A Water, Sanitation and Hygiene (WASH) facility has been constructed for the Tamale Central Reproductive Maternal and Child Health (RMCH) Clinic to ensure improved sanitation practices.
The new WASH facility comprises a four-seater toilet block and an elevated water storage tank with a volume of 5,000 litres, which can provide emergency storage for up to five days.
The Tamale RMCH, located at Changli, a suburb of Tamale, provides outpatient care, family planning, child welfare clinics and maternal, newborn and child health services for more than 150 outpatients per day.
Before the provision of the WASH facility, the Tamale RMCH facility did not have sufficient outpatient toilets nor did it meet the Guidelines for WASH in Health Care facilities.
The facility was constructed by the United Nations Children’s Fund (UNICEF) as part of the WASH in Healthcare Facilities Support under the Urban Sanitation Project, which is funded by the Embassy of the Netherlands in Ghana.
Under the Urban Sanitation Project, UNICEF has also rehabilitated the Tamale Waste Stabilisation Pond at Gbalahi, where faecal matter from homes will be dumped for proper treatment and disposal.
Mrs Anne-Claire Dufay, UNICEF Country Representative, who spoke at a ceremony in Tamale to hand over the facilities to the beneficiary institutions, expressed the commitment of UNICEF to demonstrate sustainable models for the provision of WASH at health care centres by providing new facilities or rehabilitating the existing ones to make them fully functional and easy to manage.
Mrs Dufay said aside from the Tamale RMCH, six other health centres in the Metropolis were targeted to benefit from the WASH facility under the Urban Sanitation Project.
She urged all stakeholders to ensure that health facilities have high quality, adequate, reliable WASH services and emphasised that “Functioning WASH facilities in health centres significantly improve the confidence of patients, hence the service uptake.”

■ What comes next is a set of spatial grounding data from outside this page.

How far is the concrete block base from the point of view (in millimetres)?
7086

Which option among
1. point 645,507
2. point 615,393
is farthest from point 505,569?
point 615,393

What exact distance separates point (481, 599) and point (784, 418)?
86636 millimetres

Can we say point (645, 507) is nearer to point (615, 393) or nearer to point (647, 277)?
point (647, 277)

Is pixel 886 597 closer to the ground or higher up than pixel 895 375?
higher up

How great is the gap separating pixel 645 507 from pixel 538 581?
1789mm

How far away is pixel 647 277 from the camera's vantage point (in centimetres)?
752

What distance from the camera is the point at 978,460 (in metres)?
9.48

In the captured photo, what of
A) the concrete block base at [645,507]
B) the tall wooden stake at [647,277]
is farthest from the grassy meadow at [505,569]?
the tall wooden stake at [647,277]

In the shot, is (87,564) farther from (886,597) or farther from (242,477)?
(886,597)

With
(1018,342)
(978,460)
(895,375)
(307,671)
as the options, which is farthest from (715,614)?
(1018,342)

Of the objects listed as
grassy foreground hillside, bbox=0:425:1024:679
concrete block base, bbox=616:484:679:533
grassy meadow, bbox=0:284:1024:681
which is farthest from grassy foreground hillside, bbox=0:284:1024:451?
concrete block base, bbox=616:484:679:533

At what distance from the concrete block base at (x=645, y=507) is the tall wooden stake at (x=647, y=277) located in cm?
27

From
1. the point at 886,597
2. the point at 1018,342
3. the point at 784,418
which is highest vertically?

Mr Gilbert Nuuri-Teg, Tamale Metropolitan Coordinating Director, said under the Urban Sanitation Project, “Between the period 2015 – 2021, out of its targeted household toilets of 13,362, it achieved 16,440 representing 123 per cent as against the overall target of 37,000 for all the five metropolitan and municipal assemblies.”
Mr Nuuri-Teg said the rehabilitation of the Tamale Waste Stabilisation Pond would bring to a close the indiscriminate dumping of faecal waste that had consequences on the environment and the health of the people.
Other measures instituted under the Urban Sanitation Project to improve household latrine coverage in Tamale included the institution of a social fund to give soft loans to poor households to construct their latrines and pay back in instalments.
Mr Ronald Striker, Netherlands Ambassador to Ghana, was happy that the facilities were provided to address WASH needs, especially in this period of COVID-19.
He advised the beneficiaries to put the facilities to good use and continue to observe good sanitation practices.